Many of the businesses that Virgin has entered had huge, well-established incumbents. Imagine the audacity of taking on British Airways twenty-some years ago. Others had tried – and all had failed. But Richard Branson had the vision to make flying fun again, and used cheeky slogans and the brashness of an underdog to create a positioning that helped define the road to Virgin Atlantic’s success.
On the other hand, Apple and Steve Jobs can lay claim to having created personal computing that really works for non-geeks; to re-inventing the way music is delivered, sold and enjoyed; and to using the power of their technology to spur the true union of mobile telephony and the mobile web, creating a whole new universe of entrepreneurial opportunities. (Oh, and in his spare time, Steve also has this little movie business that you might have heard of called Pixar, which essentially re-invented the entire animated movie industry.)
If one examines the biggest successes in Silicon Valley in the past, most weren’t companies that were created to re-engineer relatively well-established existing products or services. The really big hits have been those companies that were started by entrepreneurs who had an idea for a “new, new thing” and who followed their vision with passion to create it. Think Intel, Apple, Microsoft, Oracle, Netscape, Google. All were relatively early entrants to relatively new sectors of technology, early enough that there was still plenty of evangelism and education of the market that needed to happen – and behaviors of buyers weren’t already locked in.

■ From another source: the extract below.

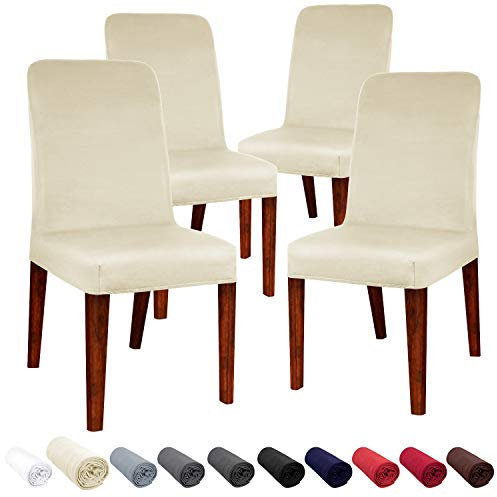 JARITTO Coprisedie con Schienale Sala da Pranzo Elasticizzato Fodere Sedie Moderno Copertura Protettiva della Sedia Lavabile Rimovibile per Hotel Ristorante Festa di Nozze 4 Pezzi (Crema)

So perhaps one needs to be a bit brasher, a bit more arrogant, a bit more of an egomaniac in such situations. The Silicon Valley entrepreneurs who are creating truly new products or services need to have a vision of a market that may not even exist yet. That is a very different level of belief than what is required to say that people might take a different airline, or drink a different cola, or use a different mobile phone service if it is marketed and served up in a unique and interesting way.

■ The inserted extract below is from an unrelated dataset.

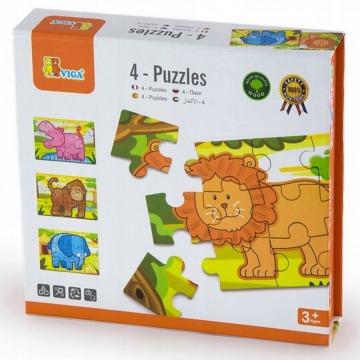 Puzzle dla dzieci safari zwierzątka 4 obrazki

That level of self-confidence is much more likely to be considered arrogant and egomaniacal – or at the least, as some have described Steve Jobs, as being able to create a “reality distortion field” because of their belief in the correctness of their own vision. Of course venture capitalists want to invest in companies they believe could become the next new, new thing – and they look for leadership role models in the success stories they’ve seen before. I’ve heard more than once from VCs that they want “another Steve Jobs” as the CEO for a company they are going to invest in, which of course encourages a type of attitude among Silicon Valley entrepreneurs who want to be – or think they are – the next Steve Jobs.

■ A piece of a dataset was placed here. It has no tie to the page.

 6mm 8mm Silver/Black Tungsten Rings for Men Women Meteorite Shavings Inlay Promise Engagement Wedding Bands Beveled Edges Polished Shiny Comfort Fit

But that kind of visionary genius rarely comes along, even less often than companies that will truly become the next “new, new thing”. And given the growing maturity of the technology industry, perhaps there will be even fewer “new, new things” in the future. If the above truly is the case, then maybe it is time for Silicon Valley venture investors and entrepreneurs to consider an alternative set of CEO leadership characteristics as models for success.